副業やリモートワークなど、移住以外の選択肢も増える中で、地方とかかわって働く「関係人口」も増加しつつある。地方で仕事をする上で大切なポイントとは何なのか、実践者の安達さんに話を聞いた。
—— 安達さんは、美大生時代の震災ボランティアがきっかけで石巻とのつながりができたそうですが、なぜ移住を?
私の母が石巻出身で、東日本大震災のときは親族の安否確認に1カ月以上かかりました。
全員の無事が分かってからも何かしたい一心で、コミュニティデザインを学ぶゼミに入り、あちこちの被災地を回ったんですね。
当時は、瓦礫を撤去しながら「美大生に何ができるのだろう」と考え続けていて。 それでふと、津波に流されず1本だけ残ったけれど、もうすぐ枯れそうな木の絵を描いたんです。
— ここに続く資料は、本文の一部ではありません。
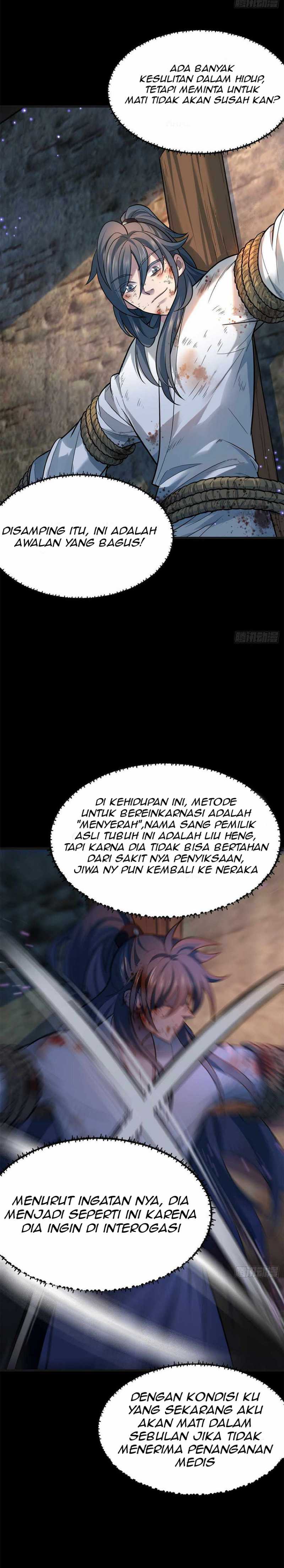Even Ten Thousand Deaths Will Not Stop Lu Qianqiu Chapter 1 Gambar 10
なくなってしまう思い出の物を、何らかの形で残したいと。
そうしたら、地元の方々がその絵をものすごく気に入ってくださって。美大にいたために、絵なんて誰にでも描けると思い込んでいましたが、そうではなかった。
そのときに、自分のデザインが介在することで、誰かの役に立つという実感を得たんです。
—— ダイレクトに人から喜ばれる経験が、原体験なのですね。
卒業後はフリーランスとして、いったんは東京で広告の仕事をしました。しかし、届ける相手が見えない感覚があって。
復興プロジェクトにはかかわり続けていたので、宮城での人のつながりはどんどん増えていました。
届ける相手が見える範囲でデザインの仕事をすることに魅力を感じるようになり、移住を決めます。
また、大学のゼミの先生に言われた「コミュニティにかかわったなら、かかわったなりの責任がある」という言葉が、今でも頭に残っています。
「ボランティアとして瓦礫を片付けて、絵を渡して終わり」ではなく、そういった「責任」のようなものを、かかわった人たちに対して少しでも果たしたいと思ったことも、移住を決めた理由です。
—— 移住後の仕事として、水産業の発展を選んだ理由は?
実は移住してからしばらくの間、シェアハウスの事業をしていたんですね。そこで出会ったフィッシャーマン・ジャパンの方に、一緒に漁に連れていっていただく機会がありまして。
そのとき、漁師さんを心の底から「かっこいい」と思ったんです。
私なんて立っていられないくらいのスピードと波の衝撃の中で、漁師さんたちは堂々と仁王立ちして、次々と魚を水揚げしていました。
朝日で、魚の鱗がキラキラと光っていて。こんなに美しい光景があるのかと、一気に心をつかまれました。
興味を持って調べていくうちに、環境問題や後継者問題、収入の問題など、水産業は根深い課題を抱えていることが分かってきました。
これらを本気で変えることにコミットしようと決意し、フィッシャーマン・ジャパンにアートディレクターとしてジョインします。
自分のミッションを決めるには、実際に自分の目で見て体験することが、一番だと思っています。